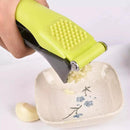 Handheld Home Kitchen Tool Garlic Press Crusher Squeezer Masher.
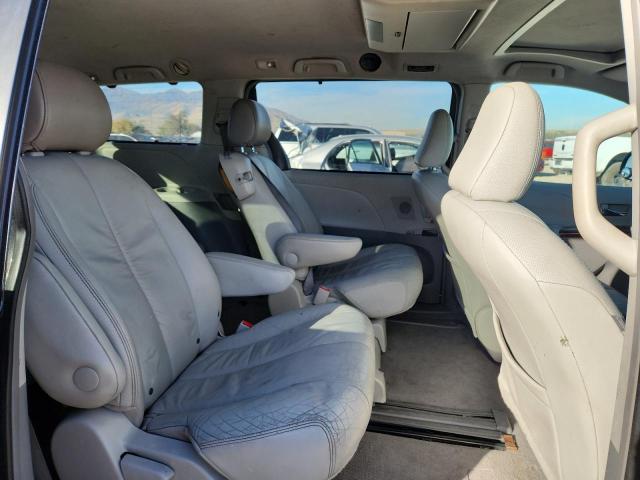 5TDYK3DC9BS108006 - 2011 TOYOTA SIENNA XLE BLACK photo 11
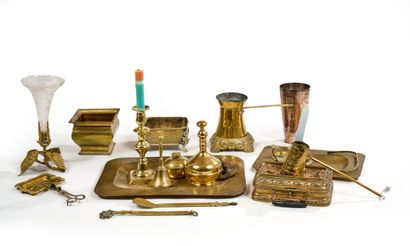 Lot d’objet en laiton et métal doré comprenant...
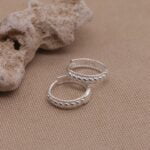 עגילי חישוק קטנים מעוטרים מכסף 925 (2)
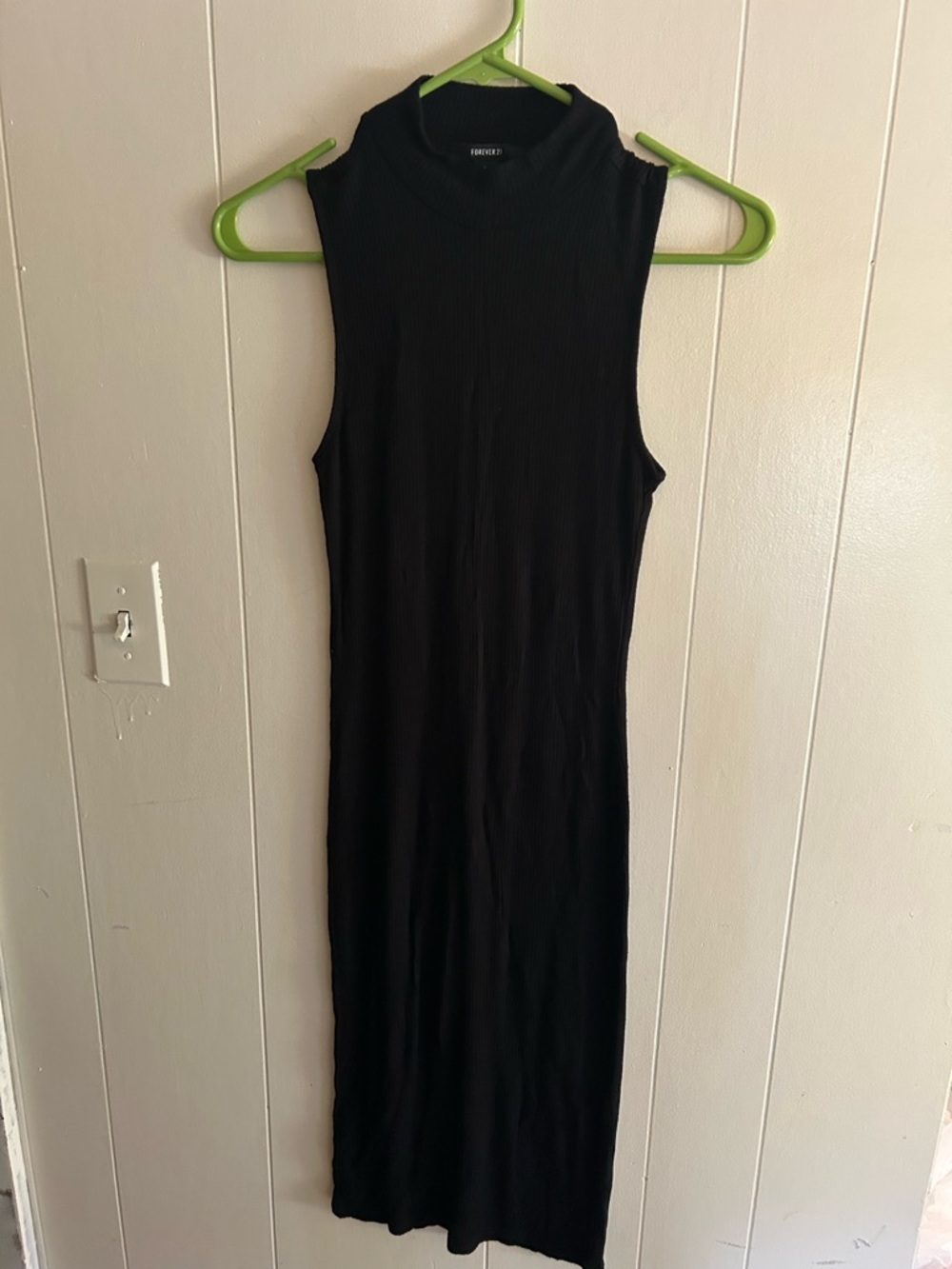 Forever 21 Black Sleeveless Ribbed Midi Dress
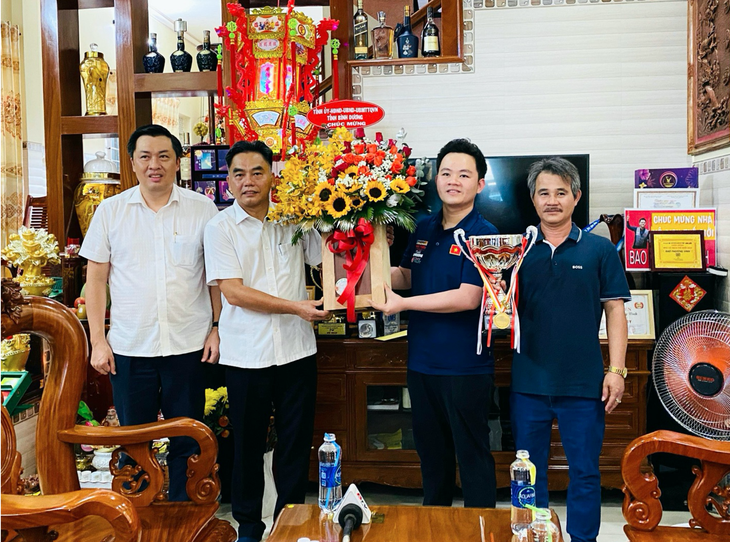 Ông Nguyễn Lộc Hà - phó chủ tịch UBND tỉnh Bình Dương và ông Cao Văn Chóng - phó giám đốc sở VH-TT&DL thay mặt lãnh đạo tỉnh Bình Dương chúc mừng Bao Phương Vinh - Ảnh: T.P
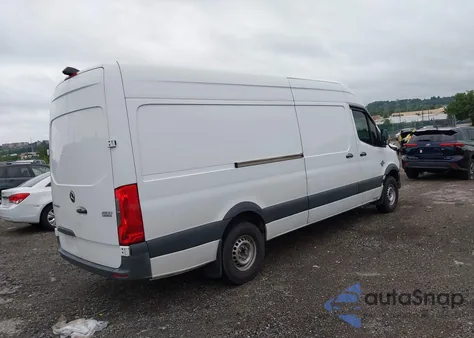 2019 Mercedes-Benz Sprinter 2500 High Roof V6 from USA, damaged, VIN WD4PF1CD3KP153621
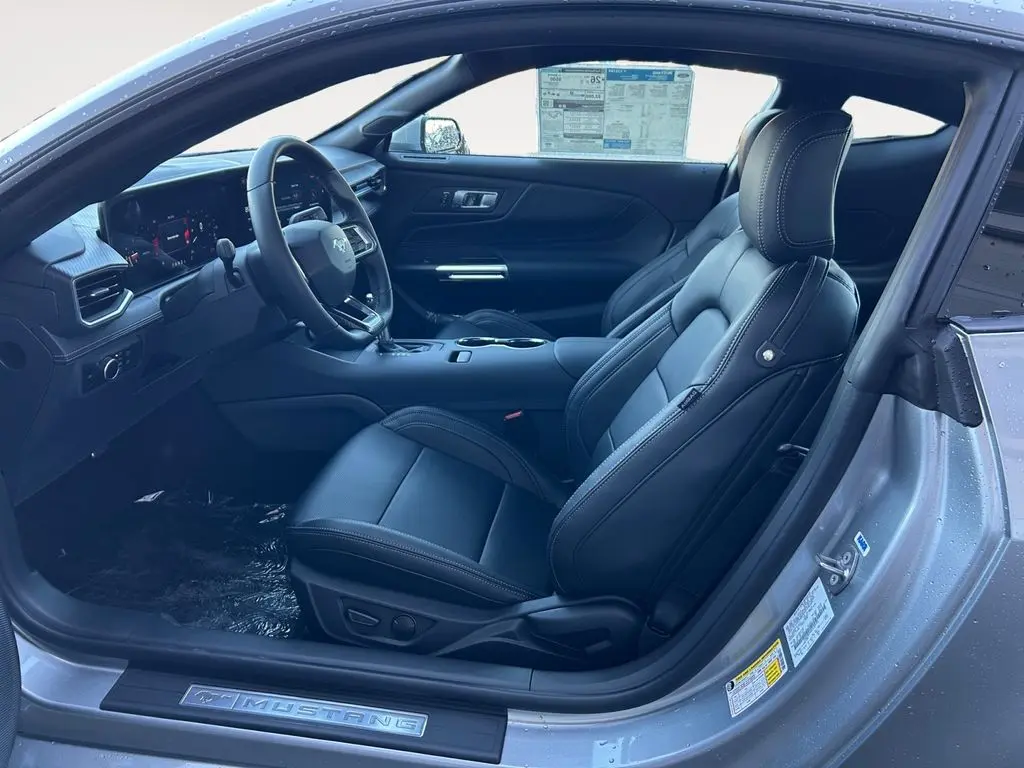 2025 Ford Mustang EcoBoost Premium photo 15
--------
TASK INSTRUCTIONS » From the first record to the last, print everything again exactly, without pictures.

ANSWER TO THE PROBLEM »
 Handheld Home Kitchen Tool Garlic Press Crusher Squeezer Masher.
 5TDYK3DC9BS108006 - 2011 TOYOTA SIENNA XLE BLACK photo 11
 Lot d’objet en laiton et métal doré comprenant...
 עגילי חישוק קטנים מעוטרים מכסף 925 (2)
 Forever 21 Black Sleeveless Ribbed Midi Dress
 Ông Nguyễn Lộc Hà - phó chủ tịch UBND tỉnh Bình Dương và ông Cao Văn Chóng - phó giám đốc sở VH-TT&DL thay mặt lãnh đạo tỉnh Bình Dương chúc mừng Bao Phương Vinh - Ảnh: T.P
 2019 Mercedes-Benz Sprinter 2500 High Roof V6 from USA, damaged, VIN WD4PF1CD3KP153621
 2025 Ford Mustang EcoBoost Premium photo 15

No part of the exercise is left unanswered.